Разве то, что мудры и Бог и человек, делает ясным, почему Бог людей несравненно и бесконечно мудрее человека? Как же могло Солнце милостиво наделить человека разумением бесконечно более высоким, чем собственное, если бы была вся душа его была лишь дуновением, рождённым Солнцем?.. У животных мыслей самого возвышенного характера совсем мало – это явственно видно – потому что именно из этих размышлений и возникает знание о бесконечном Боге, кому посвящаются и жертвоприношения, и храмы, и священные учения, которых у животных бессловесных и в помине нет. И пусть одни звери Луне поклоняются, другие – Солнцу, а третьи – чему-то ещё, о чём напоминают нам слоны и петухи[51], но религию свою они не простирают до бесконечного Бога. И тем не менее, не немыслимо это – чтобы в душе у пчёл и животных общественных (gregalibus)[52] пребывало смутное знание о божестве (cognitionem divinatis confusam).

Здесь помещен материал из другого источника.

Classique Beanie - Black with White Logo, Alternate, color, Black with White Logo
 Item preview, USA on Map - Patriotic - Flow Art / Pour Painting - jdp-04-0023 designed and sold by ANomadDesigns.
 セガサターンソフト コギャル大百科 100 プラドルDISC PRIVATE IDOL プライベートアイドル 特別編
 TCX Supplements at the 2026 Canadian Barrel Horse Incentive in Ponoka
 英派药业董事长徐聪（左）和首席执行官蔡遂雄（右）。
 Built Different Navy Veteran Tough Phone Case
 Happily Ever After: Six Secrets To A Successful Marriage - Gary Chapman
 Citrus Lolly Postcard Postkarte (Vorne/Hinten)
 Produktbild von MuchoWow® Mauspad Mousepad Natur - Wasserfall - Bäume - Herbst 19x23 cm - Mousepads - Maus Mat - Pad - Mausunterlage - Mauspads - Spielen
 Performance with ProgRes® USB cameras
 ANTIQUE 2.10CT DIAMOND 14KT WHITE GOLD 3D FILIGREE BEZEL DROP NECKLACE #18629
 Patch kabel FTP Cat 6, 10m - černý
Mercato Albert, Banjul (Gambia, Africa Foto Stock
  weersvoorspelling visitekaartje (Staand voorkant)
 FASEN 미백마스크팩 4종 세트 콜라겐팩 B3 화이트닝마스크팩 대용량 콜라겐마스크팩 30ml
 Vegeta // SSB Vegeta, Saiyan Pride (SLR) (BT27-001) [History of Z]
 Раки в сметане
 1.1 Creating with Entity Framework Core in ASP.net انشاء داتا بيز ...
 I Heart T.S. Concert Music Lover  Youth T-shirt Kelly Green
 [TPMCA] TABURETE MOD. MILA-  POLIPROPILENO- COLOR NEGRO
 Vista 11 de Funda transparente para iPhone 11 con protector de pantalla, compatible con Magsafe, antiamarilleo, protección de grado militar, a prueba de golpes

Ведь все существа стремятся к благу, смутно же все к первоблагу стремятся, высшее благо глубоко в душе чуют (persentiunt). В людях же эта наука о бесконечном столь явлена и делами их и чудесами [божественными], что открыта всякому взору. <…>
Для всех людей без исключения естественно присущей является религия, ведь когда попадают в неблагоприятные или благоприятные обстоятельства, сразу же глаза они поднимают вверх, в небеса, чтобы или помощи испросить или хвалу воздать. Оттого и введены в оборот жертвоприношения и молитвы, но у разных народов по-разному – таково различие стран и воззрений людей на предметы божественные. Заблуждения же присущи различным способам [богопочитания], но не самому предмету, ведь все [народы] думают, что именно они Богу верно поклоняются. Это знак того, что общается человек с сущностями высшего порядка. Отрицая истории о делах священных, человек отрицанию подвергает самого себя. Если не видит перед собой Рима и его правителя, и иных чудес, наблюдаемых в Новом Свете, то тоже их отрицать дерзновенно будет?!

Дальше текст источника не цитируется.